Suppl., q. 49 a. 6
Se sia peccato mortale per un uomo conoscere la propria moglie con l'intenzione non di un bene matrimoniale ma solo del piacere
Quaestio 49 · Dei beni del matrimonio
Obiezione 1: Sembra che ogni volta che un uomo conosce la propria moglie, con l'intenzione non di un bene matrimoniale ma solo del piacere, commetta un peccato mortale. Infatti secondo Girolamo (Comment. in Eph. 5,25), come citato nel testo (Sent. iv, D, 31), "il piacere preso negli abbracci di una meretrice è dannabile in un marito". Ora nulla se non il peccato mortale è detto essere dannabile. Dunque è sempre un peccato mortale conoscere la propria moglie per mero piacere.
Obiezione 2: Inoltre, il consenso al piacere è un peccato mortale, come affermato nel Secondo Libro (Sent. ii, D, 24). Ora chiunque conosce la propria moglie per amore del piacere acconsente al piacere. Dunque pecca mortalmente.
Obiezione 3: Inoltre, chiunque manca di riferire l'uso di una creatura a Dio gode di una creatura, e questo è un peccato mortale. Ma chiunque usa sua moglie per mero piacere non riferisce quell'uso a Dio. Dunque pecca mortalmente.
Obiezione 4: Inoltre, nessuno dovrebbe essere scomunicato se non per un peccato mortale. Ora secondo il testo (Sent. ii, D, 24) un uomo che conosce sua moglie per mero piacere è escluso dall'entrare in Chiesa, come se fosse scomunicato. Dunque ogni uomo tale pecca mortalmente.

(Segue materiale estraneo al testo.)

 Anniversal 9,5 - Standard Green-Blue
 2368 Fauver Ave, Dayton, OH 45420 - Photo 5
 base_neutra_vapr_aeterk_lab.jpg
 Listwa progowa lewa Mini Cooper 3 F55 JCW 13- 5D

In contrario, Come affermato nel testo (Sent. ii, D, 24), secondo Agostino (Contra Jul. ii, 10; De Decem Chord. xi; Serm. xli, de Sanct.), il rapporto carnale di questo tipo è uno dei peccati quotidiani, per i quali diciamo il "Padre Nostro". Ora questi non sono peccati mortali. Dunque, ecc.

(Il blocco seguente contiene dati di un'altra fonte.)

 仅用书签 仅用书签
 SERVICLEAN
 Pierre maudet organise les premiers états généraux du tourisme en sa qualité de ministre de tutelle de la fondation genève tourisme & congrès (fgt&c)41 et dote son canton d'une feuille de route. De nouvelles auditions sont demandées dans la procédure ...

Inoltre, non è peccato mortale prendere cibo per mero piacere. Dunque allo stesso modo non è peccato mortale per un uomo usare sua moglie meramente per soddisfare il suo desiderio.
Rispondo che, Alcuni dicono che ogni volta che il piacere è il motivo principale dell'atto matrimoniale è un peccato mortale; che quando è un motivo indiretto è un peccato veniale; e che quando disprezza il piacere del tutto ed è spiacevole, è interamente privo di peccato veniale; cosicché sarebbe un peccato mortale cercare il piacere in questo atto, un peccato veniale prendere il piacere quando offerto, ma che la perfezione richiede di detestarlo. Ma questo è impossibile, poiché secondo il Filosofo (Ethic. x, 3,4) lo stesso giudizio si applica al piacere come all'azione, perché il piacere in un'azione buona è buono, e in un'azione cattiva, cattivo; perciò, siccome l'atto matrimoniale non è cattivo in sé, nemmeno sarà sempre un peccato mortale cercare piacere in esso. Di conseguenza la risposta corretta a questa domanda è che se il piacere è cercato in modo tale da escludere l'onestà del matrimonio, cosicché, cioè, non è come moglie ma come donna che un uomo tratta sua moglie, e che egli è pronto a usarla allo stesso modo se non fosse sua moglie, è un peccato mortale; perciò un tale uomo è detto essere un amatore troppo ardente di sua moglie, perché il suo ardore lo trascina via dai beni del matrimonio. Se, tuttavia, cerca il piacere entro i limiti del matrimonio, cosicché non sarebbe cercato in un'altra che non fosse sua moglie, è un peccato veniale.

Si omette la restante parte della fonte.